Exercise details: Transcription task. Write out each entry verbatim and exclude any image.

Saved data entries:
============================================================

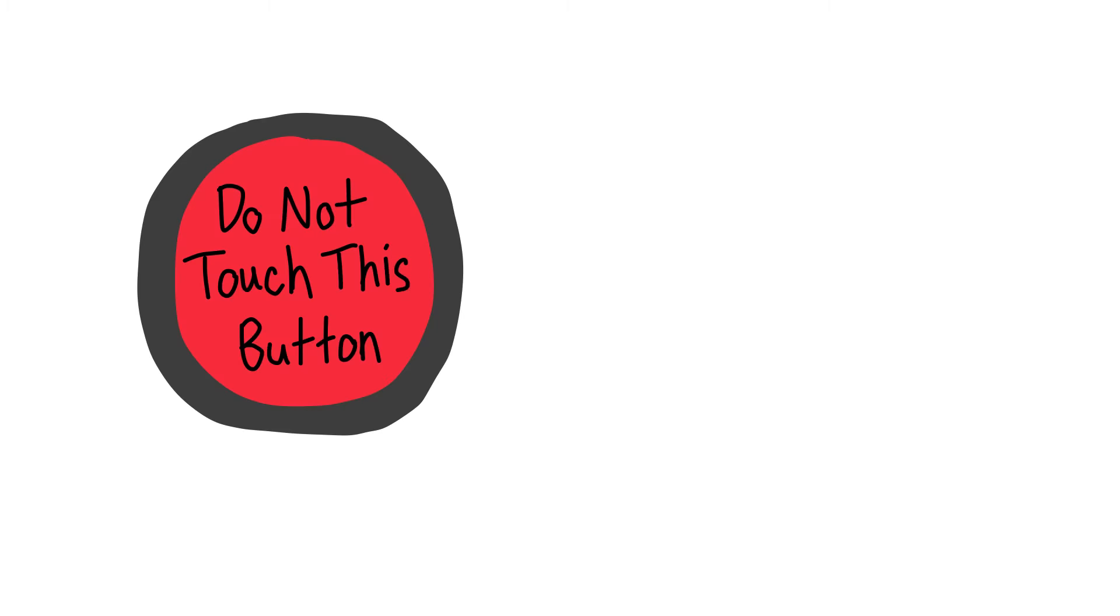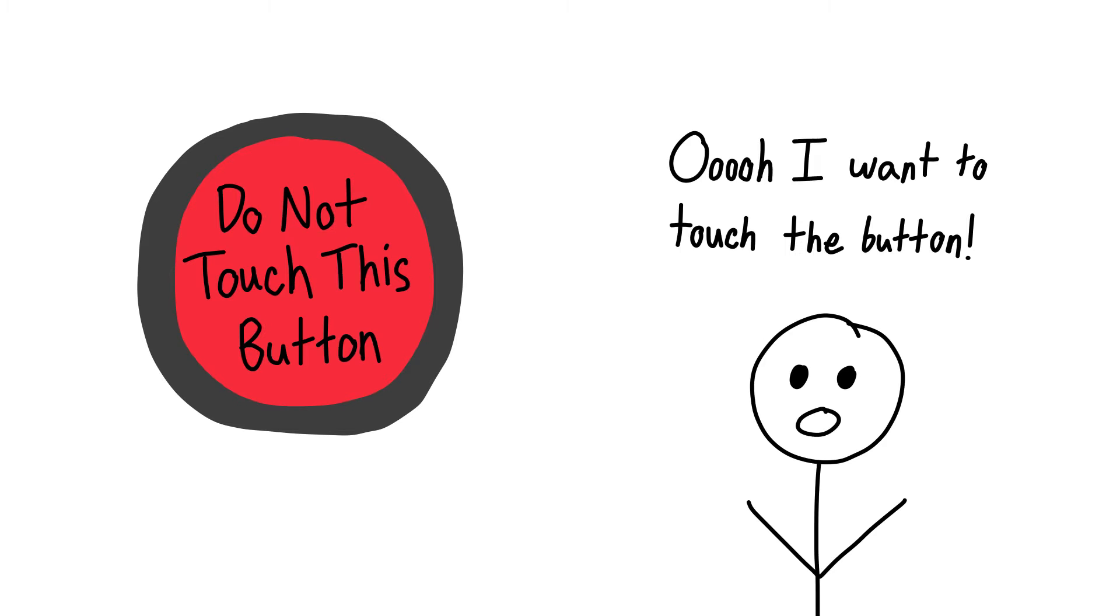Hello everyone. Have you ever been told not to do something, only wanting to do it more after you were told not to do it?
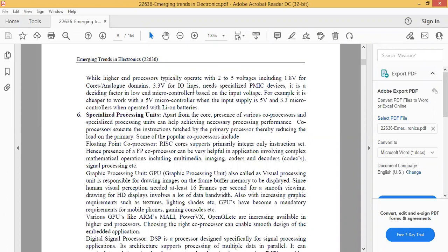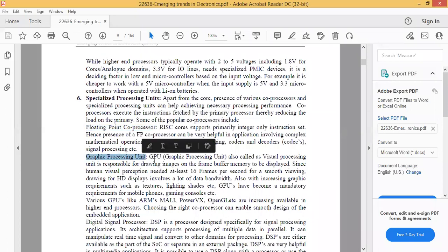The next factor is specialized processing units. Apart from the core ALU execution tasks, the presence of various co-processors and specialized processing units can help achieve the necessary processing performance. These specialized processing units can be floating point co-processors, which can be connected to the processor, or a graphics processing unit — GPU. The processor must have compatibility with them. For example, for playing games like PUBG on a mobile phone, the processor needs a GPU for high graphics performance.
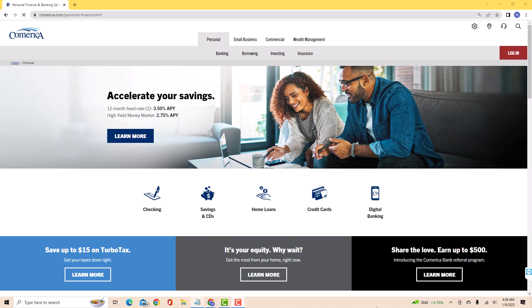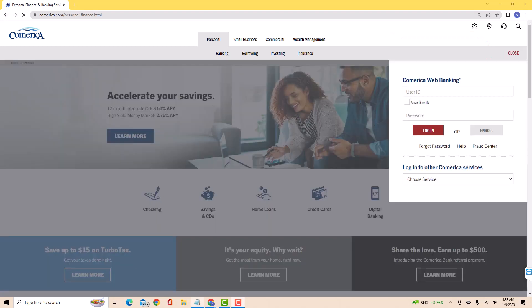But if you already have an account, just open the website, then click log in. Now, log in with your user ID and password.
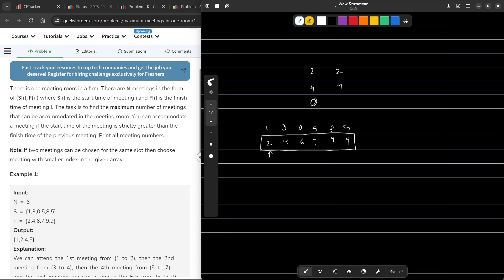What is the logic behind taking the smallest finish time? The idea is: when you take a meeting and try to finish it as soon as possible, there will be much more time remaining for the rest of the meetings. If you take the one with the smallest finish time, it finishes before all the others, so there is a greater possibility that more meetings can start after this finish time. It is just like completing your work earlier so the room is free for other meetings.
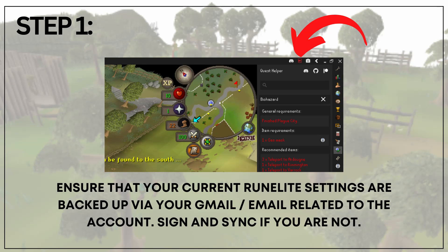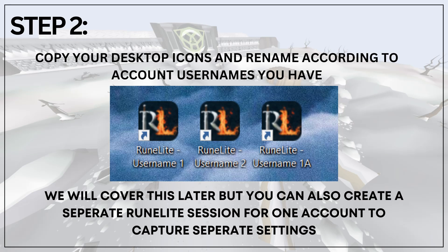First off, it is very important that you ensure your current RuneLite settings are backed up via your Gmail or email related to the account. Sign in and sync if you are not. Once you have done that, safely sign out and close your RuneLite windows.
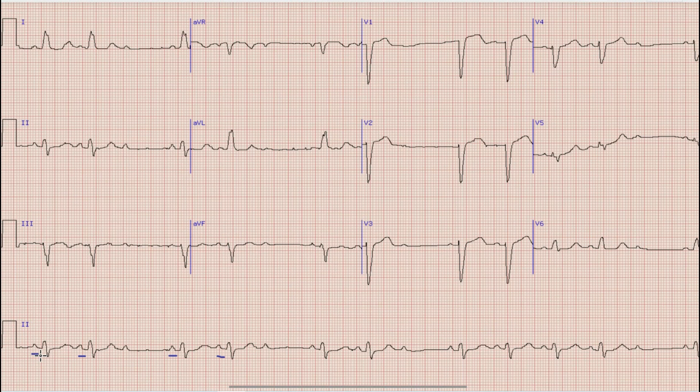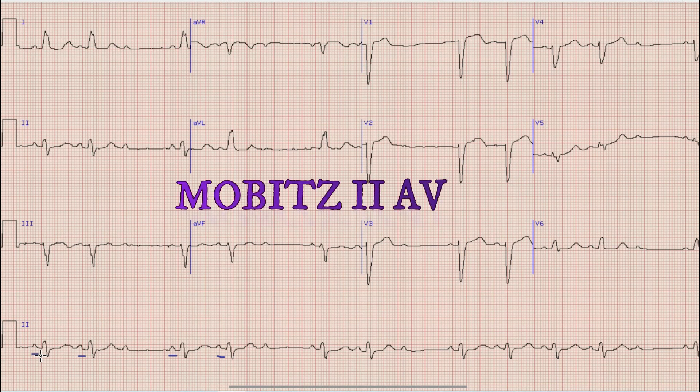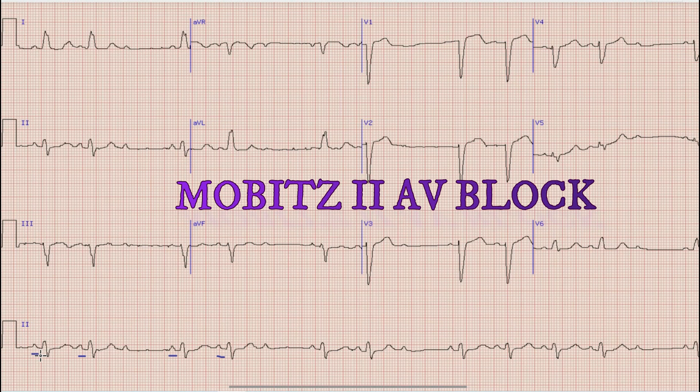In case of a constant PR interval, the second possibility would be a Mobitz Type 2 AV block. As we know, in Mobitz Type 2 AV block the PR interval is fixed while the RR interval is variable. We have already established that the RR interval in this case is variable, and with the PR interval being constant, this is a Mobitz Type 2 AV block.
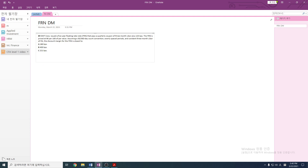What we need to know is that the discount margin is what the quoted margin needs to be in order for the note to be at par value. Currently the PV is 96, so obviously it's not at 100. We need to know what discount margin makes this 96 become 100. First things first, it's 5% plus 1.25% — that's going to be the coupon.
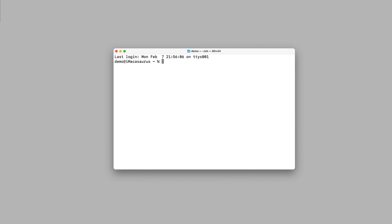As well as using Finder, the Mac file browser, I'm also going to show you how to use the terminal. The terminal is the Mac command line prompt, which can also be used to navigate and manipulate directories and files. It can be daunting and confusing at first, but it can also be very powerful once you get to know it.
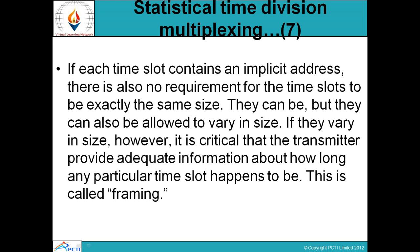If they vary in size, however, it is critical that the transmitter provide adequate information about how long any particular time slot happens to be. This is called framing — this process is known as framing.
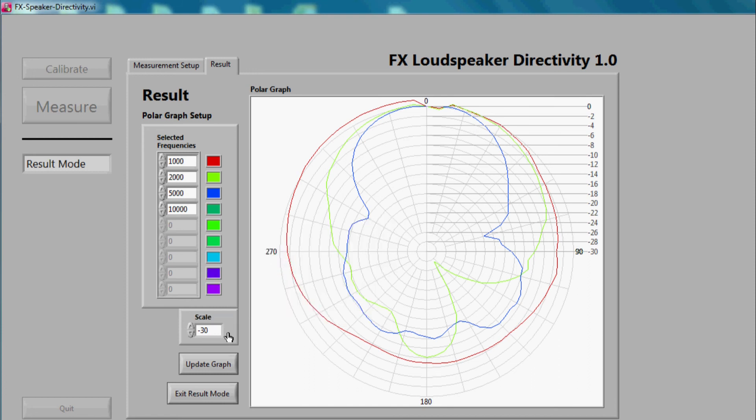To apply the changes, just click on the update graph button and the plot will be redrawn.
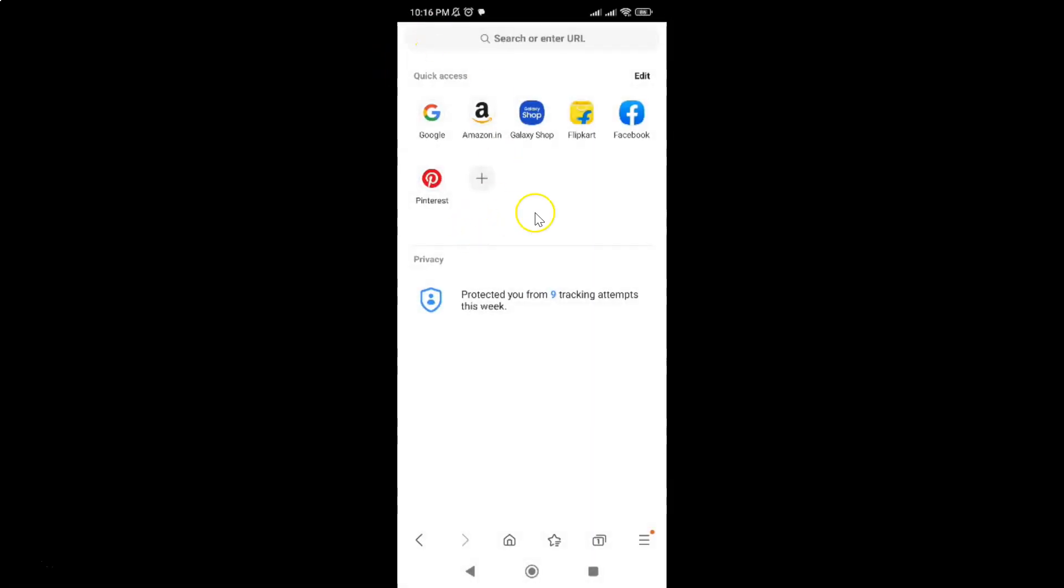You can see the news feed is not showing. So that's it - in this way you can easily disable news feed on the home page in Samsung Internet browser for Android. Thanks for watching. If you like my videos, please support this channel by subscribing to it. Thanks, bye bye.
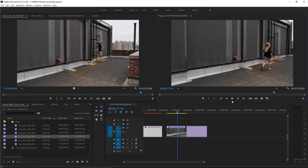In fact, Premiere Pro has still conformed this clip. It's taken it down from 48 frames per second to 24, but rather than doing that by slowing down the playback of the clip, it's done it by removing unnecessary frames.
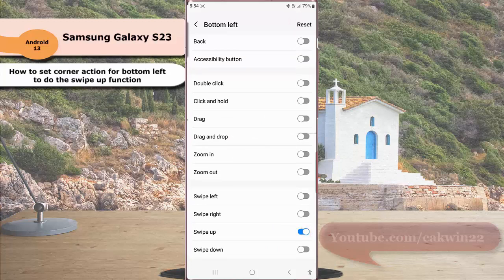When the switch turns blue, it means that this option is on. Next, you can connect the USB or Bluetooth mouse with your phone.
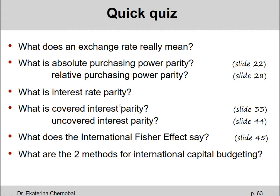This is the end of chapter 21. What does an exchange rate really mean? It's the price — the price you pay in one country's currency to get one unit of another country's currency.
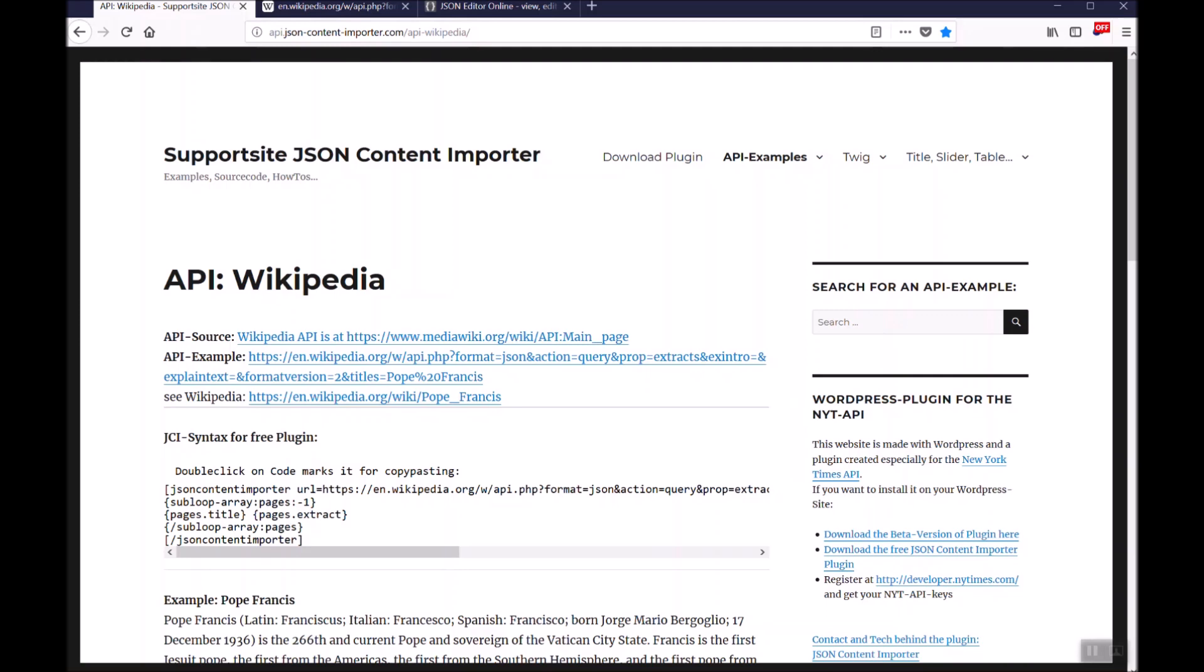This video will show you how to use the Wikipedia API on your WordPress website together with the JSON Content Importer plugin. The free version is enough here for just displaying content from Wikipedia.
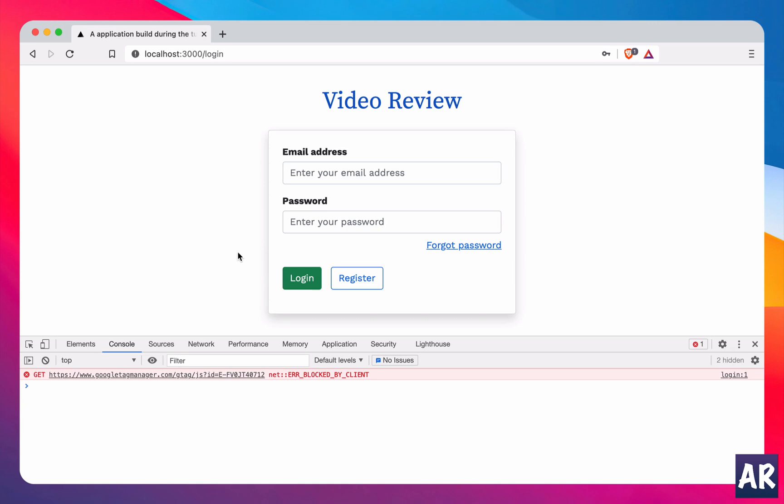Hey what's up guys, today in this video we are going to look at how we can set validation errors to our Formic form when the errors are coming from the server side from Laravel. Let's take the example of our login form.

============================================================

Exercise response:
Hello everyone. Have you ever been told not to do something, only wanting to do it more after you were told not to do it?
The next factor is specialized processing units. Apart from the core ALU execution tasks, the presence of various co-processors and specialized processing units can help achieve the necessary processing performance. These specialized processing units can be floating point co-processors, which can be connected to the processor, or a graphics processing unit — GPU. The processor must have compatibility with them. For example, for playing games like PUBG on a mobile phone, the processor needs a GPU for high graphics performance.
But if you already have an account, just open the website, then click log in. Now, log in with your user ID and password.
What is the logic behind taking the smallest finish time? The idea is: when you take a meeting and try to finish it as soon as possible, there will be much more time remaining for the rest of the meetings. If you take the one with the smallest finish time, it finishes before all the others, so there is a greater possibility that more meetings can start after this finish time. It is just like completing your work earlier so the room is free for other meetings.
First off, it is very important that you ensure your current RuneLite settings are backed up via your Gmail or email related to the account. Sign in and sync if you are not. Once you have done that, safely sign out and close your RuneLite windows.
In case of a constant PR interval, the second possibility would be a Mobitz Type 2 AV block. As we know, in Mobitz Type 2 AV block the PR interval is fixed while the RR interval is variable. We have already established that the RR interval in this case is variable, and with the PR interval being constant, this is a Mobitz Type 2 AV block.
What we need to know is that the discount margin is what the quoted margin needs to be in order for the note to be at par value. Currently the PV is 96, so obviously it's not at 100. We need to know what discount margin makes this 96 become 100. First things first, it's 5% plus 1.25% — that's going to be the coupon.
As well as using Finder, the Mac file browser, I'm also going to show you how to use the terminal. The terminal is the Mac command line prompt, which can also be used to navigate and manipulate directories and files. It can be daunting and confusing at first, but it can also be very powerful once you get to know it.
If they vary in size, however, it is critical that the transmitter provide adequate information about how long any particular time slot happens to be. This is called framing — this process is known as framing.
To apply the changes, just click on the update graph button and the plot will be redrawn.
You can see the news feed is not showing. So that's it - in this way you can easily disable news feed on the home page in Samsung Internet browser for Android. Thanks for watching. If you like my videos, please support this channel by subscribing to it. Thanks, bye bye.
In fact, Premiere Pro has still conformed this clip. It's taken it down from 48 frames per second to 24, but rather than doing that by slowing down the playback of the clip, it's done it by removing unnecessary frames.
When the switch turns blue, it means that this option is on. Next, you can connect the USB or Bluetooth mouse with your phone.
This is the end of chapter 21. What does an exchange rate really mean? It's the price — the price you pay in one country's currency to get one unit of another country's currency.
This video will show you how to use the Wikipedia API on your WordPress website together with the JSON Content Importer plugin. The free version is enough here for just displaying content from Wikipedia.
Hey what's up guys, today in this video we are going to look at how we can set validation errors to our Formic form when the errors are coming from the server side from Laravel. Let's take the example of our login form.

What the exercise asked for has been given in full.